The Panel then proceeded to consider Ms. Mohamed’s substantive allegation that inducements and threats were made by a third-party in the presence of an AFC office-bearer for her to withdraw from the 2019 AFC Elections. The CAS Panel accepted her evidence in full, finding that she was a credible witness whose version of events was not contradicted by the AFC. The Panel held that the conduct at issue constituted a breach of the AFC Statutes, the AFC Electoral Code, the AFC Electoral Guidelines, the AFC Disciplinary and Ethics Code, and the FIFA Statutes.

The CAS Panel, however, held that it did not have the power to annul the elections tainted by gender discrimination and unlawful third-party interference, ruling that the power to do so rests with the AFC Congress.

The Panel further ordered the AFC to make a contribution towards Ms. Mohamed’s legal costs and to pay 75% of the costs of the arbitration.

Commenting on the case, Mark Mangan, partner, Singapore at Dechert LLP, said, “These are landmark decisions. First of all, the appeals vindicate Ms. Mohamed, whose allegations were all upheld. It is never easy to come forward with serious allegations against established interests and have the courage to see them through. She deserves enormous credit. Secondly, if I may say, the appeals vindicate the strategy we deployed to ensure that Ms. Mohamed was able to be heard by an independent CAS panel, and in the process established important precedents in sports jurisprudence.”

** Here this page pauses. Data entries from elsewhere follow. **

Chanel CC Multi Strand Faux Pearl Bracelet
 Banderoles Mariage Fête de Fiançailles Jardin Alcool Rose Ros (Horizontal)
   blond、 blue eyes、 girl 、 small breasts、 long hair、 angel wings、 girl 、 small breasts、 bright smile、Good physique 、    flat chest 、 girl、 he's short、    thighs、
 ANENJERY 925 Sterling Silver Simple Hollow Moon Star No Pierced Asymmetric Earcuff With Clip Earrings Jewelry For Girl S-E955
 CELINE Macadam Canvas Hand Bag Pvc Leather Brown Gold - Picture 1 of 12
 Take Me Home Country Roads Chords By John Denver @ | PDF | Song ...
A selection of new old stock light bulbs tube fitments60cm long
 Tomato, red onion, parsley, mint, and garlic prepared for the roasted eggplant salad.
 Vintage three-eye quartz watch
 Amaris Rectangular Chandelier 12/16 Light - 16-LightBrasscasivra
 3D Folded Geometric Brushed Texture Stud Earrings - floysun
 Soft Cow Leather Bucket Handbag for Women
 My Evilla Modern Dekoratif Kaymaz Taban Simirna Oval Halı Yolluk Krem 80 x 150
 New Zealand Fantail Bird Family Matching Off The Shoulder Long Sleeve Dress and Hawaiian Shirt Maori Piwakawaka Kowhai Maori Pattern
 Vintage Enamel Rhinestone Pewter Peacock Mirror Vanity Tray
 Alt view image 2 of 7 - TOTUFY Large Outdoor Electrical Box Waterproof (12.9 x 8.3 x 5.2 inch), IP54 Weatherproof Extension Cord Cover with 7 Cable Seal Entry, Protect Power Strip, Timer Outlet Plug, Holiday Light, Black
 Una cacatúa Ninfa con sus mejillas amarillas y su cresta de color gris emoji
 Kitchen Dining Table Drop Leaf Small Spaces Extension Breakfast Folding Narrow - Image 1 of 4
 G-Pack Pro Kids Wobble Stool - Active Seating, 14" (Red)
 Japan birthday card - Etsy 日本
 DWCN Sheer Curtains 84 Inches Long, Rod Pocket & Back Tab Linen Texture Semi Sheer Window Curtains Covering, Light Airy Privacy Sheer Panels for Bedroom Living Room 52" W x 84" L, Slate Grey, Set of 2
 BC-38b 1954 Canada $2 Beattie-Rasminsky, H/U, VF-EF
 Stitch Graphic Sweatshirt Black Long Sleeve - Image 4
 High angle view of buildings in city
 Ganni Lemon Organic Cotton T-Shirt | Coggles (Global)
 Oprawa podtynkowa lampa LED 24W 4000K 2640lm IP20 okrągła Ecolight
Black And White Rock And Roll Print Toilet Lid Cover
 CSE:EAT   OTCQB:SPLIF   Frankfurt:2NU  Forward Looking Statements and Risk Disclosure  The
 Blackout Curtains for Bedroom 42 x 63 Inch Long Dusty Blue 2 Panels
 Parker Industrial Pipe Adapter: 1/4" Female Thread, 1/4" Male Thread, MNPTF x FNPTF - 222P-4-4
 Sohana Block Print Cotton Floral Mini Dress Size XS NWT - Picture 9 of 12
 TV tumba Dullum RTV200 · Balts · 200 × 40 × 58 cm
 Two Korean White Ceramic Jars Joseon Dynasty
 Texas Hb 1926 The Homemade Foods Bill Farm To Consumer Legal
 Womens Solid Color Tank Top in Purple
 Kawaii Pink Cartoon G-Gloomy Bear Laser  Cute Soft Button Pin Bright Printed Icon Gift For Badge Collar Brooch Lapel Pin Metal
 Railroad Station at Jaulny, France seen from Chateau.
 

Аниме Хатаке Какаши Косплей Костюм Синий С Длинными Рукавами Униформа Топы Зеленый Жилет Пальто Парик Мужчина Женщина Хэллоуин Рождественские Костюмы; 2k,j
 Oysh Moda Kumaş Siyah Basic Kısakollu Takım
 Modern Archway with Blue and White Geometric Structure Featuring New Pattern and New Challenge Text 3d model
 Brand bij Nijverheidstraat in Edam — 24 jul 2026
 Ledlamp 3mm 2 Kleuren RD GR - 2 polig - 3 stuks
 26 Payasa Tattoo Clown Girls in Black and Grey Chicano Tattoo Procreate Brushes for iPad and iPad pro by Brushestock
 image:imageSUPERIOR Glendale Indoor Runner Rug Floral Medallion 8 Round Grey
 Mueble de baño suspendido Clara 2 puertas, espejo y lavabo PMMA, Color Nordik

Mangan added: “It is difficult to prove a denial of justice, corruption (which by definition lurks in the shadows) or indeed gender discrimination, let alone prove all three in the one set of related proceedings in a hearing conducted remotely. Thus, the appeals represent a significant triumph in the struggle for diversity and transparency in sports governance, particularly here in Asia. It is a good day for Ms. Mohamed and international arbitration.”

Prior to elevating the matter to CAS, Dechert advised Ms Mohamed on the internal investigations conducted by the AFC and represented her in an in-person interview conducted by the AFC Disciplinary & Ethics Committee in Kuala Lumpur.

The Dechert team was led by Singapore-based partner Mark Mangan, supported by associates Ananya Mitra, Henry Defriez and Shilun Chen.